“Well, Commish, what do you think?”
Those are the words that NBA Commissioner Adam Silver has heard time after time since Kevin Durant joined the Golden State Warriors on July 4, 2016 as a free agent.
Durant’s decision has allowed the Warriors to eliminate all of their competition and Silver has come out and said that it is beneficial to the league.
Silver, who took over as commissioner in 2014, is weighing in on his first controversial debate as the boss and isn’t getting short-changed in that regard. Although he has been left to decide what to do with some off-the-court issues, he hasn’t had to make a decision that directly impacts the season…
Until now.
Reporters are giving him no option but to talk about competition in the NBA or lack thereof any chance they get.
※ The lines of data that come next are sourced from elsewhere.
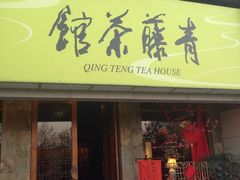-青藤茶馆(南山路店)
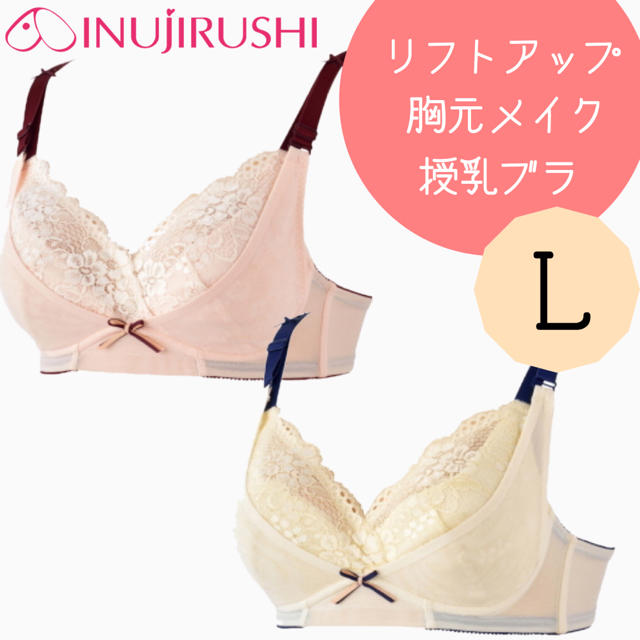 犬印本舗 リフトアップ授乳ブラジャー M 新品 2枚 kWSmtW2P0f ...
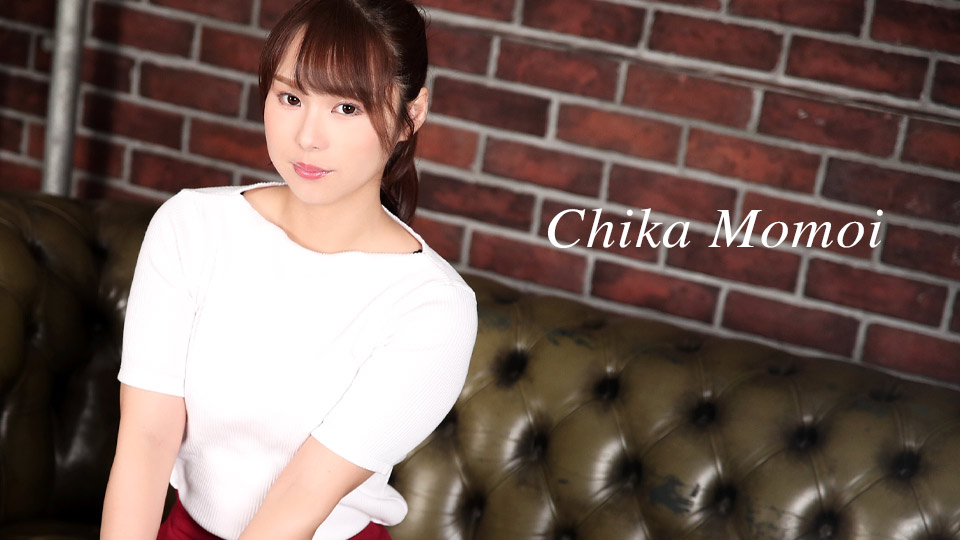 Caribbeancom 020725-001 Pay off my brother's debts with my easy-to-cum body Chika Momoi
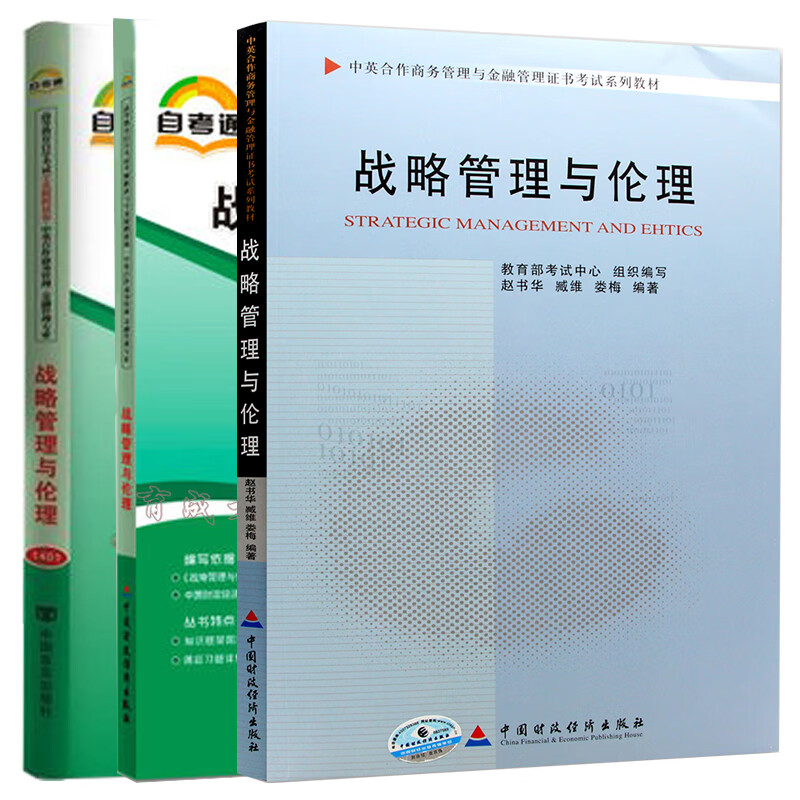 【单本包邮】自考教材 11745 战略管理与伦理 教材+考纲解读+自考通试卷 商务管理 金融管理 指定教材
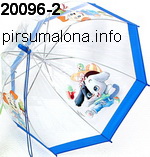 מטריה 23 אינצ' 
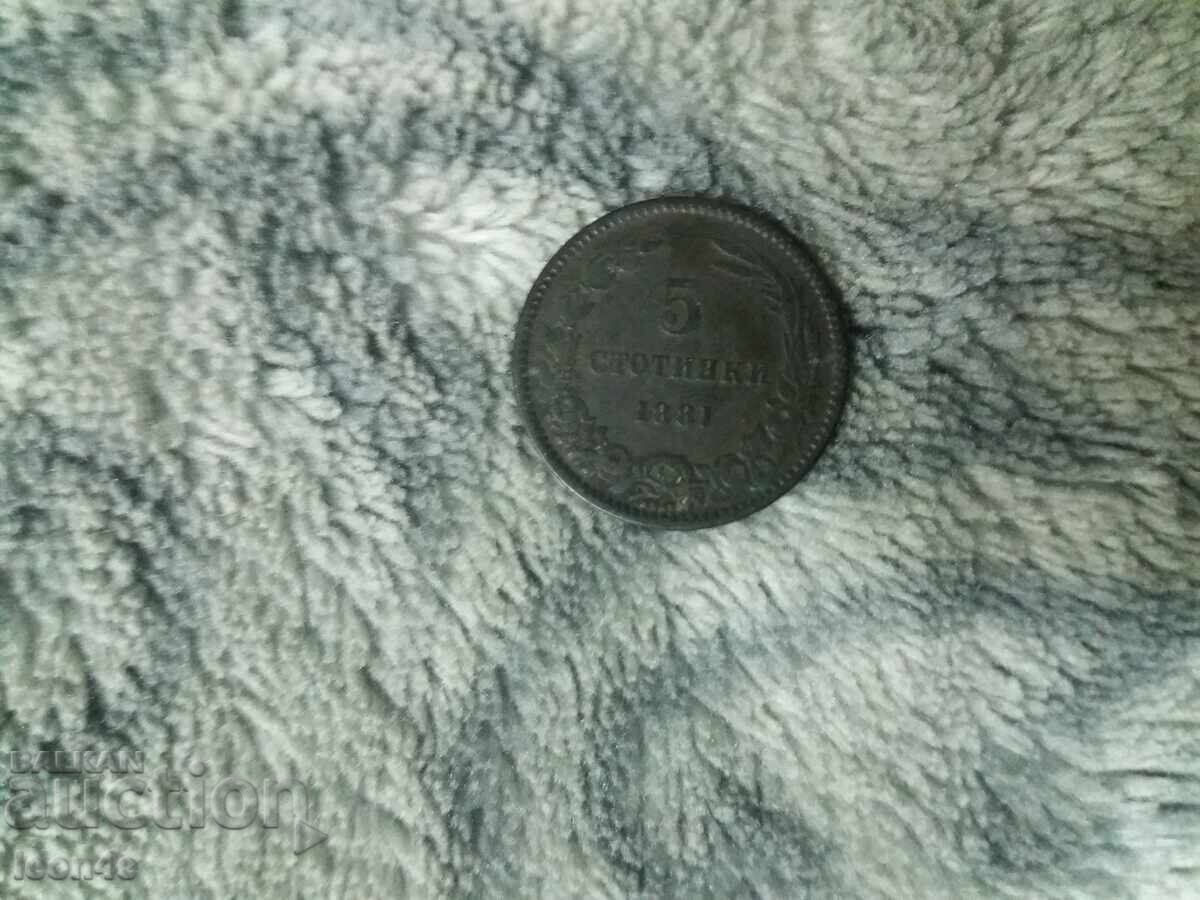 Bulgaria 5 cenți 1881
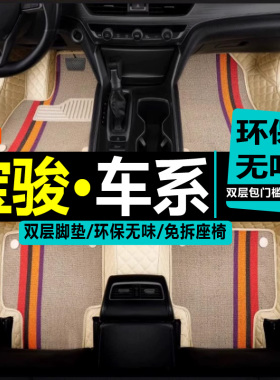 专用510宝骏730脚垫560全包围310w530e100汽车630新360rs3rc5e200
In a conversation with Adam Kilgore of the Washington Post, Silver retracted his past statements that shamed the formation of superteams and said, “rather than talking about how to break up or knock down a championship-caliber team, my focus should be on how we do a better job developing more great players in this league.”
But, when it comes down to it, it doesn’t matter what he thinks. And yes, I am talking about the commissioner.
Each team is its own company and the NBA is like a mini-government and the “society” was developed in the ‘60s, ‘70s, and ‘80s. It was built on the concept of a free-market and has given the teams and players the freedom to decide where the money ends up.
Since the turn of the century, the NBA’s balance of power has been maintained by the players’ tendencies to chase the money around, but, that has disappeared with the passage of time. Now, winning and winning championships is the number one priority for the league’s biggest competitors.
The desire to win championships is has led superstars to meet up and form these superteams. Players have learned to care more about winning more than money and there is nothing that the NBA can do about it. Nothing.
The new mindset has everything to do with the personal lives of the NBA players and is all about what they want. If the players are willing to take a pay-cut to go and contend for a championship, that’s up to them.
Silver can’t tell them what job to take. Nobody can. These players are grown men.